Ahmad Jawid OBAYD, Abdullah KARATAŞ
Tarihi süreç içinde insanlığın gündeminden hiç çıkmayan bir mesele olan göç sorunu, 2000’li yıllarda da dünyanın çoğu ülkesinde hep gündemde tutulmuştur. Ekonomik endişeler ve savaş korkusu öncelikli olmak kaydıyla, birçok nedenle bireyler yaşadıkları mekânlardan toplu halde ayrılmaktadırlar. Tüm dünya ülkelerinde olduğu gibi Afganistan’da da göçün önemli bir sorun haline geldiği söylenebilir.
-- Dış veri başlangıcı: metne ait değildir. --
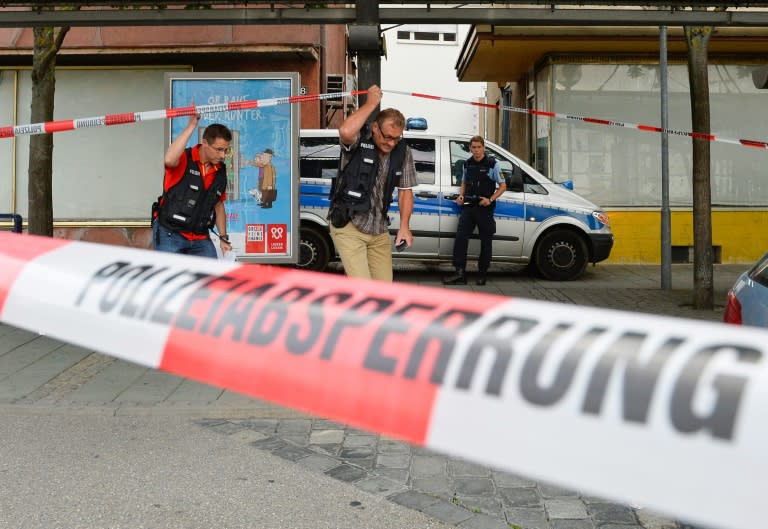 Police officers investigate the site near a fastfood restaurant in Reutlingen, southwestern Germany, on July 24, 2016 where a Syrian asylum-seeker killed a woman and injured two people with a machete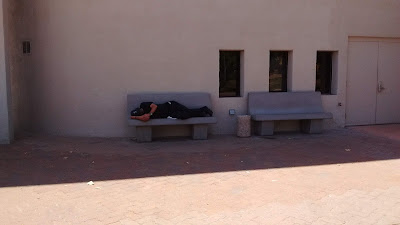 Man Sleeping On Concrete Bench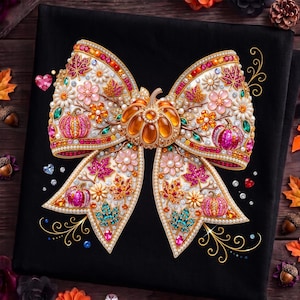 May include: A black t-shirt featuring a large, ornate bow graphic decorated with colorful rhinestones, pearls, and gems. The design includes autumn-themed motifs such as pumpkins, maple leaves, and flowers in shades of orange, pink, and teal.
Afganistan, 1979’daki Sovyet işgalinden bu yana 40 yılı aşkın süredir ardı kesilmeyen işgaller, iç çatışmalar ve dış müdahalelerden dolayı silahların hiç susmadığı bir ülke konumundadır. Afganistan, süper güçlerin çatışma sahası olmasının yanında sosyal, ekonomik ve siyasi istikrarsızlıkla beraber terörle de anılan bir ülke haline gelmiştir. Her geçen gün artan şiddet olayları, tarihi İpek Yolu’nun geçtiği bir ülke olan Afganistan’ı adeta yaşanmaz bir ülke durumuna getirmiştir. Ülke içindeki huzursuz ve güvensiz ortam nedeniyle yıllardır göç sorunları yaşayan Afganistan, 20. yüzyılda komşu ülkeler başta olmak üzere dünyanın her yerine göç vermeye başlamıştır. İlk başta göç merkezi olarak Pakistan ve İran tercih edilmiş, daha sonra ise Türkiye ön plana çıkmıştır. İnsanlar yaşamış oldukları ekonomik, terör, güvenlik sorunları ve iç çatışmaların etkisiyle ülkesini terk etmek zorunda kalmaktadır. Diğer taraftan gelişmiş ülkelerdeki müreffeh hayat koşulları, ekonomik olanaklar ve güvenlik imkânları da bu ülkelere göçü cazip hale getirmektedir. Bu çalışmada, Afganistan’da göç sorunu, neden ve sonuçlarıyla ele alınacaktır.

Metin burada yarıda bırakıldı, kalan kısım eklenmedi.